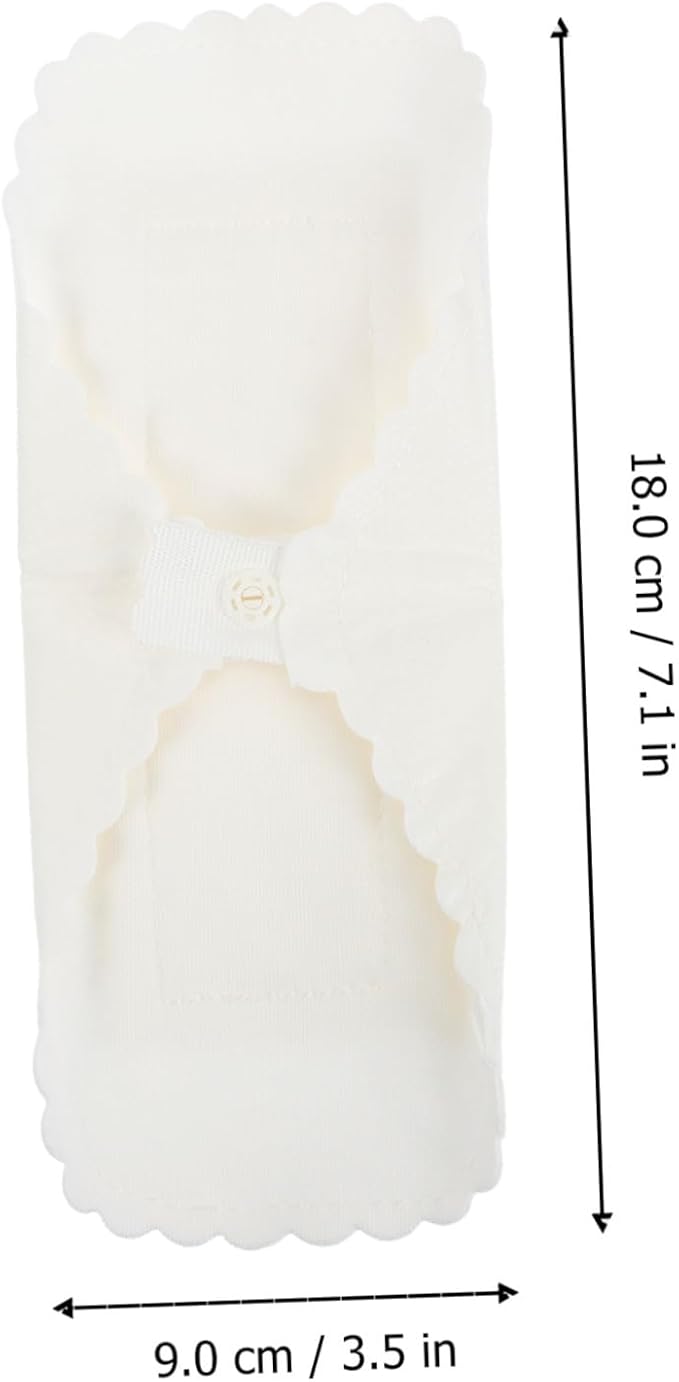 Yardwe 3Pcs Reusable Cotton Menstrual Pads Lace Edge Breathable Washable Sanitary Towels for Women with Button Snap to Prevent Leakage Soft and Thin Period Pads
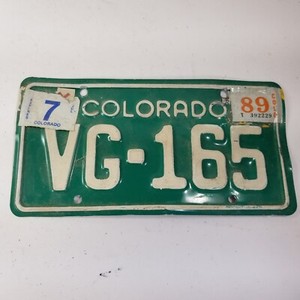 1989 Colorado License Plate # VG-165 80s
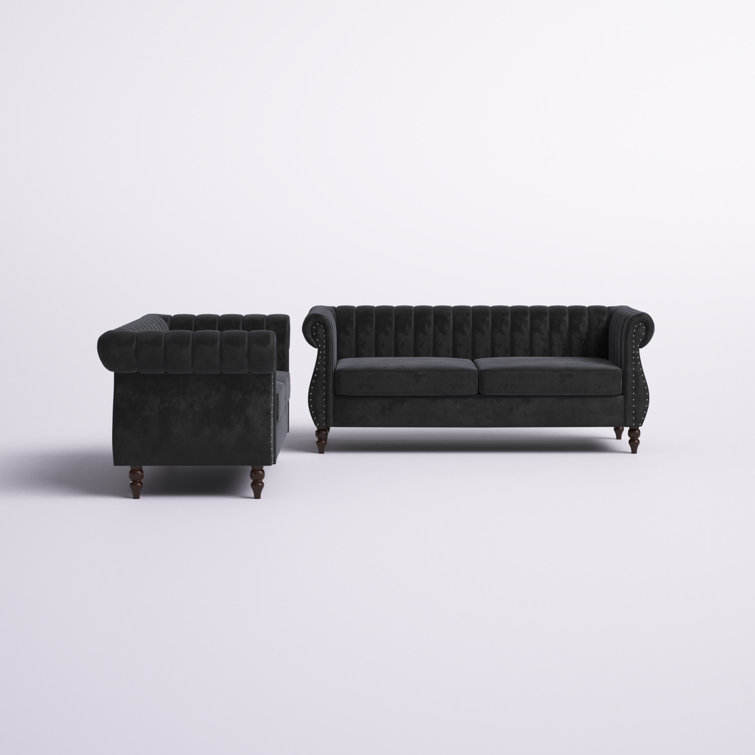 Juliette Black Velvet Sofa & Loveseat – Texas Furniture Clearance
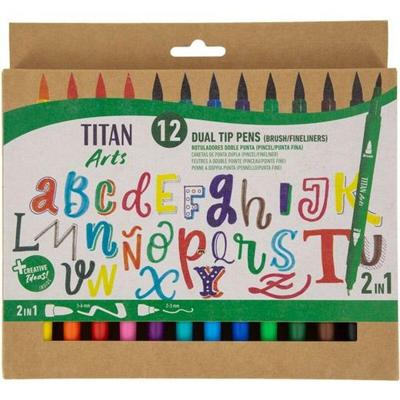Set Viltstiften Titan Arts Multicolour Dubbelzijdig 12 Onderdelen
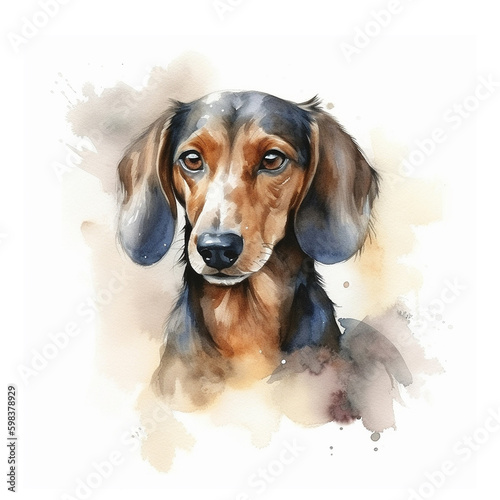 Dachshund dog watercolor paint 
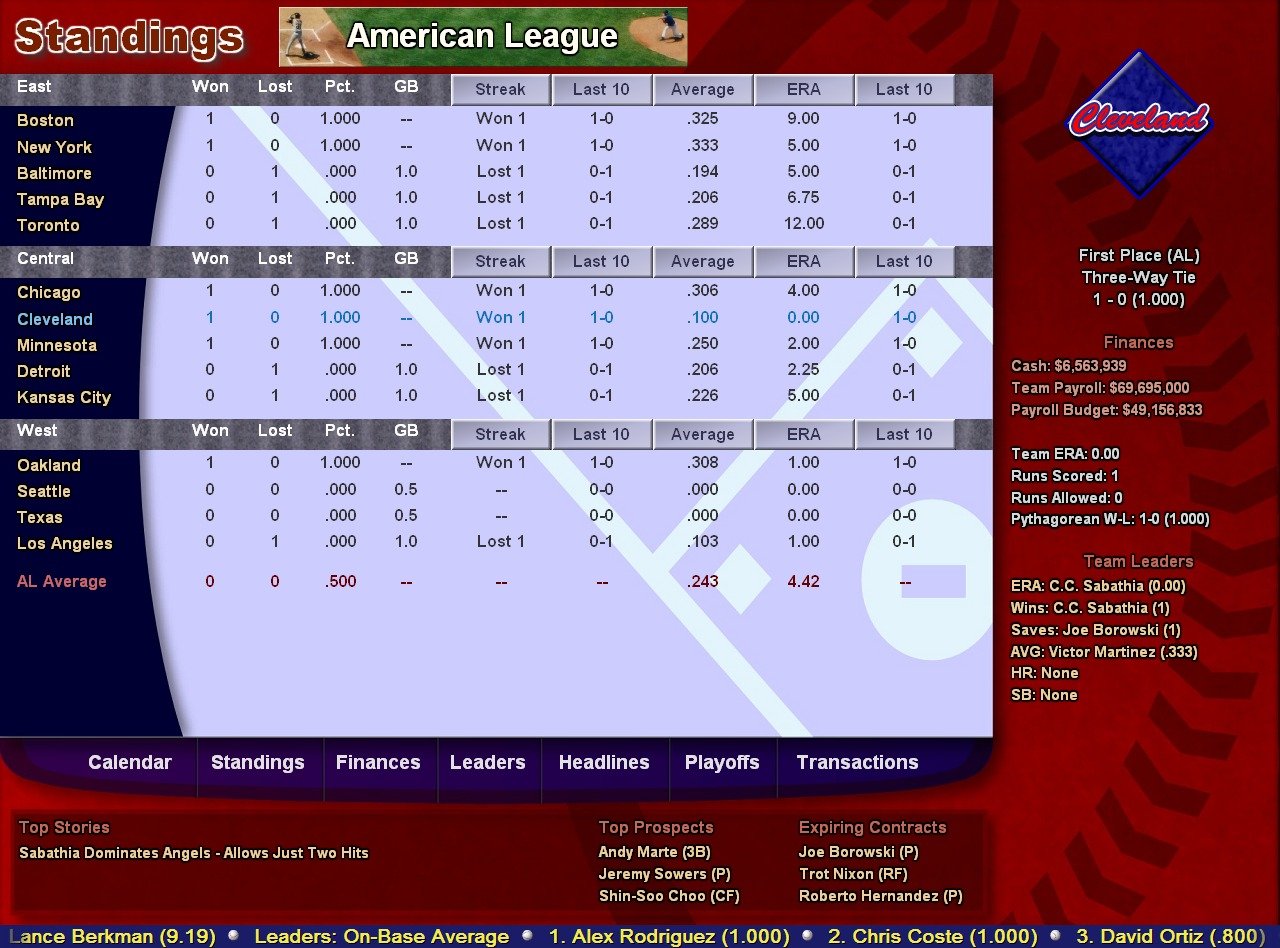 Baseball Mogul 2008 — скриншот 1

•••

What the task requires> Return word for word the line bearing "Dachshund dog watercolor paint" and every later line of the entries, but none of the pictures.

Output for this task>
 Dachshund dog watercolor paint 
 Baseball Mogul 2008 — скриншот 1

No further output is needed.